The magistrate, Alicia Chankar, ordered the five children be made wards of the State and they have since been placed in a Children’s Home. Doughty was charged with wilful abandonment of the children while she went to take a bath in the sea on the wharf.

Doughty, according to the charge, had left one of the children sleeping on a sponge in the shack. The other children were seen wandering on the Public Transport Service Corporation terminus on King’s Wharf. With Saturday’s birth of the twins, Doughty now has six boys and five girls.

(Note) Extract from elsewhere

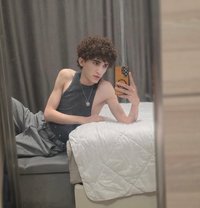 ⚜️Ⓐ︎Ⓛ︎Ⓘ︎Ⓚ︎Ⓗ︎Ⓐ︎Ⓝ︎⚜️ - Male escort in İstanbul Photo 15 of 16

When the sentence was passed by Chankar in which Doughty was also fined $3,000, she screamed and threw herself on the floor.

Police officers had to lift her, but Doughty was literally dragged when she fell flat on the steps of the courtroom.

Doughty immediately began serving her term in prison, but days later attorney Peter Taylor filed an appeal on the grounds that the sentence was severe. Chankar granted $50,000 bail, but Doughty was already placed in the prison’s infirmary for medical attention due to her pregnancy. Doughty’s relatives were unable to post bail and Taylor applied to a judge in chambers for a variation of the bail terms.

On July 13, Justice Maria Wilson agreed to the application to allow founder of the Eternal Light Community Home, Deborah De Rosia, to stand as a named surety. Doughty was released from jail and had been staying at the Home where arrangements were made for her to seek regular medical check-ups.

Last week, Doughty was admitted to the SFGH and at about 1.45 pm on Saturday, doctors delivered by Caesarian section the first of the twins. Two minutes later, the second was delivered.

“I’m happy now and everything is over. But I want to see my other five children (who are now wards of the State),” Doughty said.

Yesterday, Taylor visited Doughty and informed her that she would be allowed keep the twin girls. “While her five children are wards of the State in accordance with the magistrate’s ruling, Kezi can keep her twins,” Taylor said.

Taylor will take the twins to the Eternal Light Community home in Tunupuna where she would nurse them while she awaits the appeal of the case.

“Kezi Doughty is a victim of societal neglect. Worse, is the fact that Kezi is made to pay the price, while the one responsible for fathering these children is not made to account to the court,” Taylor said.